Many businesses, non-profit organizations and universities, across the planet, have networked IoT (Internet of Things) devices such as IP cameras, NVR (Network Video Recorder) systems, sensor devices, door access systems, or other such devices within their internal networks that are used for conducting their core business or research or monitoring and managing buildings.
One major use case where port forwarding is commonly used is when setting up viewing ingress of company premises video surveillance systems from outside of the business network. Most frequently, low voltage technicians are hired to deploy small or even large scale video surveillance equipment. Low voltage technicians usually are only trained in running physical, low voltage, network (Cat 5/Cat6) cable and basic system setup. Keep in mind, the low-volt technicians are often the same individuals or companies that deploy door/building access systems, time-clock systems, etc. If they merely stick to doing what they know and are not of the learning mentality, pursuing continuing education, they may not even be aware that their deployments may be subject to attack. Herein lies the problem, instead of learning and using network security best practices, they do what they know, simple port forwarding to the surveillance equipment, often without updating firmware or even changing default administrative passwords.
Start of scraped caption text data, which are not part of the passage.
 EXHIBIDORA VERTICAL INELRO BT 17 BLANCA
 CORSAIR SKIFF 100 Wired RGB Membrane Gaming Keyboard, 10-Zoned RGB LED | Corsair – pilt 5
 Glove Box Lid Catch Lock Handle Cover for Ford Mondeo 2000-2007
Additionally, these deployments often do not have the network administrative security such as VLANs and firewalls. In addition to not following the administrative best practices, if the software running on these units has a zero-day or other such software vulnerability, this may also be an attack vector, as was the case with the HIKVISION hack a few years ago. By enabling unrestricted port forwarding the integrator may be unwittingly allowing anyone from the public Internet to access the recordings, and worse yet, other networked devices internal to the organization’s network.
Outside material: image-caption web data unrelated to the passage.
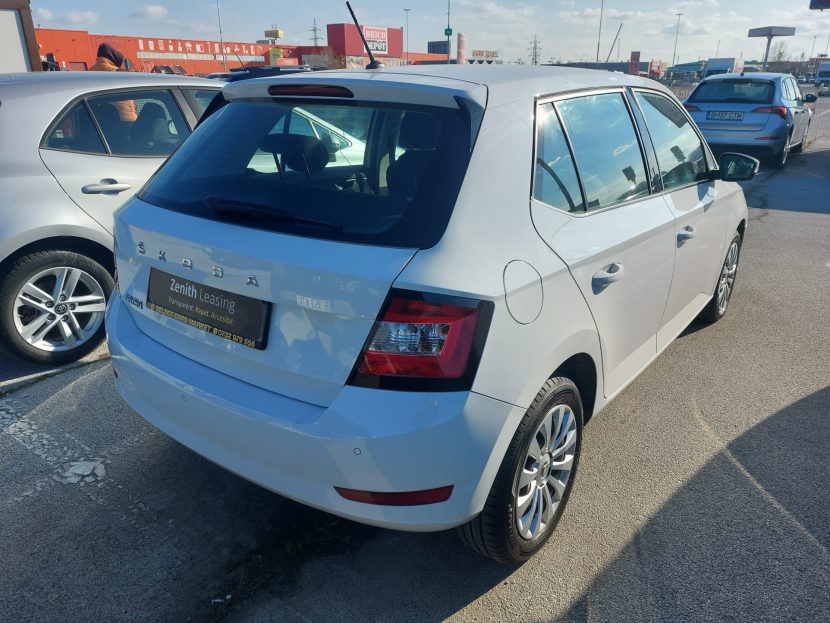 SKODA FABIA 1.0 Benzina 95 CP - imagine 2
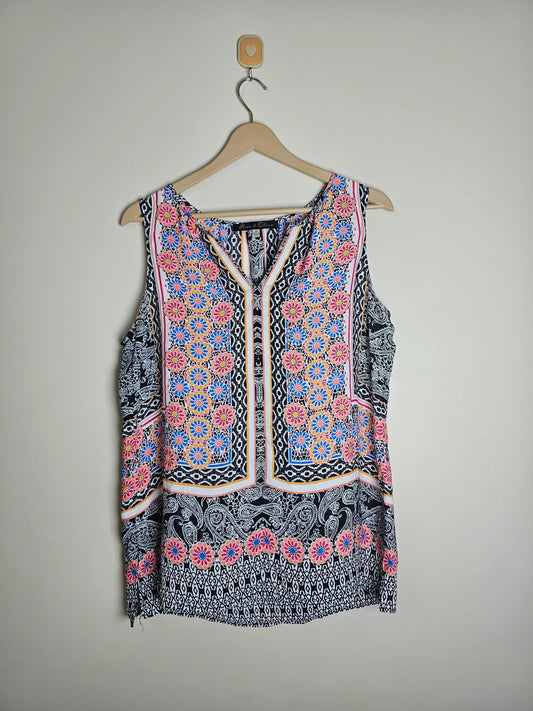 WTP 283 - Women Top and Blouse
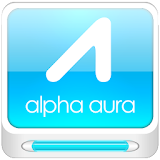 Alpha Aura (Apex Launcher) icon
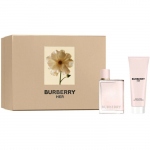 Burberry Her komplekt EDP 50 ml + kehakreem naistele 75 ml 50ml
Furthermore, if sufficient network border, network segmentation or ISP upstream security is not put in place, hackers or even script kiddies, are able to discover the vulnerability by simply running network port scans across public IP addresses and ports, potentially easily interacting with the administrative console of the system. This is the crux of this article, simply put, if the ports are forwarded, unrestricted, to the internal devices, from the public Internet, hackers may not even need to compromise a firmware or software vulnerability in the systems, they may be able to merely try the default passwords. If that doesn’t work, the attackers can begin to deploy a exploits against a known or unknown vulnerability in the service. Then, having direct ingress to this exposed system the attacker may now have the ability to enable network connection services such as SSH, or other such shell protocols. With shell access to a computer software based system on a company network, a hacker can begin executing commands or potentially deploying additional attack software directly from within the company network. This would be considered a type of beachhead attack. This attack could easily be avoided if proper understanding and due diligence is performed, configuring appropriate network rules for access to such IoT devices and systems.
To illustrate the severity of this kind of reconfiguration, one such real world example of this type of vulnerability was demonstrated when IPVM published a map of hacked HIKVISION brand cameras in the USA and Europe in 2018. The interactive map, linked here illustrates the severity of such reconfiguration.
The takeaway here is thoroughly vet individuals and service providers who do this kind of work. Make sure they take into account best practices (article on best practices coming soon.)